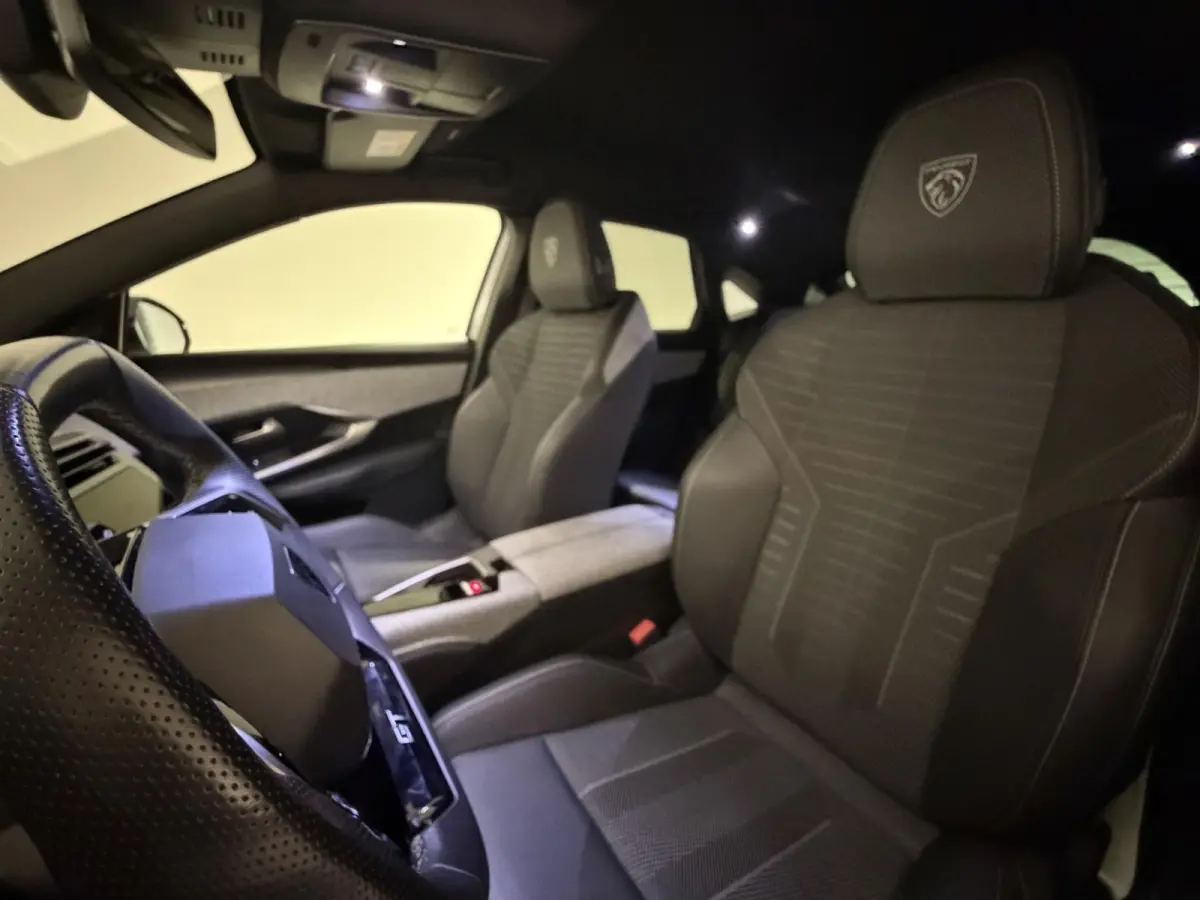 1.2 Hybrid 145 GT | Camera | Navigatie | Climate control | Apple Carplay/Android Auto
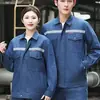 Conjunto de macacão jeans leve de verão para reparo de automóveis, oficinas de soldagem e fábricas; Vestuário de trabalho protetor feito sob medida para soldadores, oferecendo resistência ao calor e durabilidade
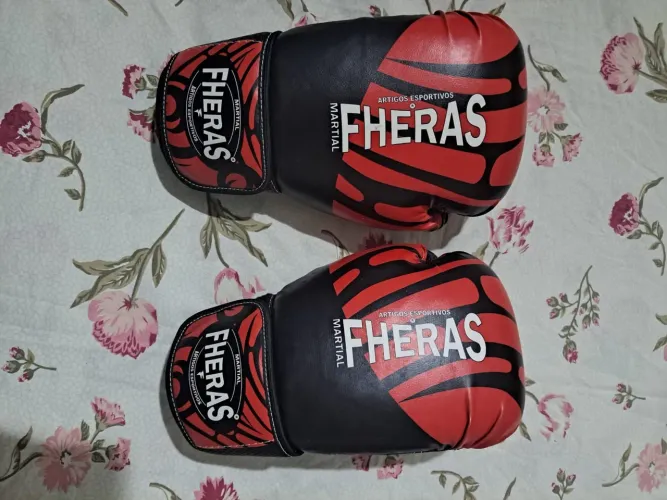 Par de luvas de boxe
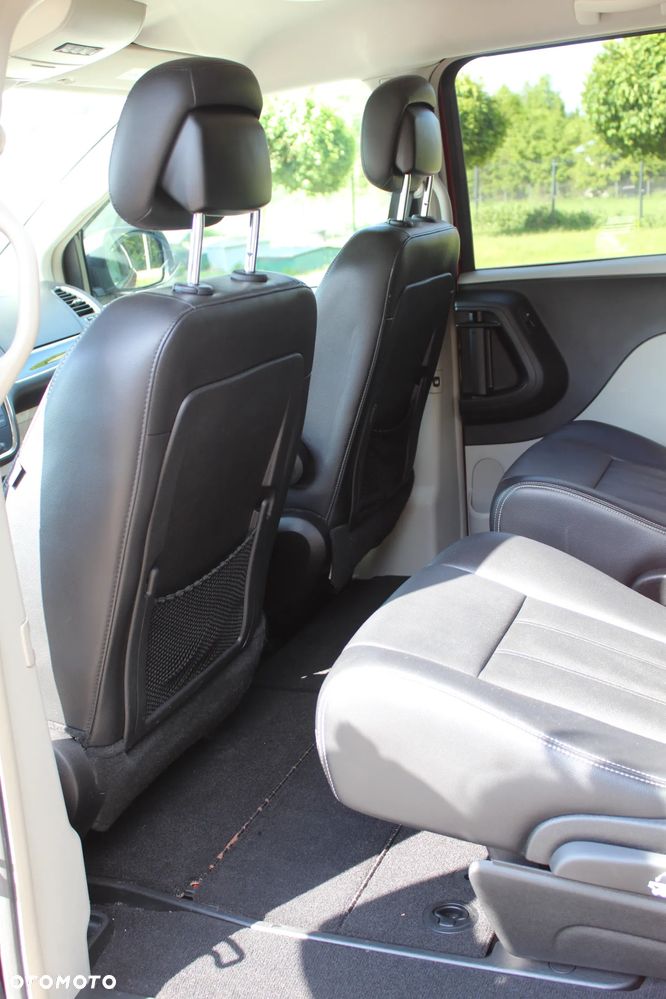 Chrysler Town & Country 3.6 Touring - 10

What the exercise asks »
Skip the pictures. Write out exactly the lines from the one with "Conjunto de macacão" through the last line of the listing, both ends included, and nothing more.

Response for this exercise »
 Conjunto de macacão jeans leve de verão para reparo de automóveis, oficinas de soldagem e fábricas; Vestuário de trabalho protetor feito sob medida para soldadores, oferecendo resistência ao calor e durabilidade
 Par de luvas de boxe
 Chrysler Town & Country 3.6 Touring - 10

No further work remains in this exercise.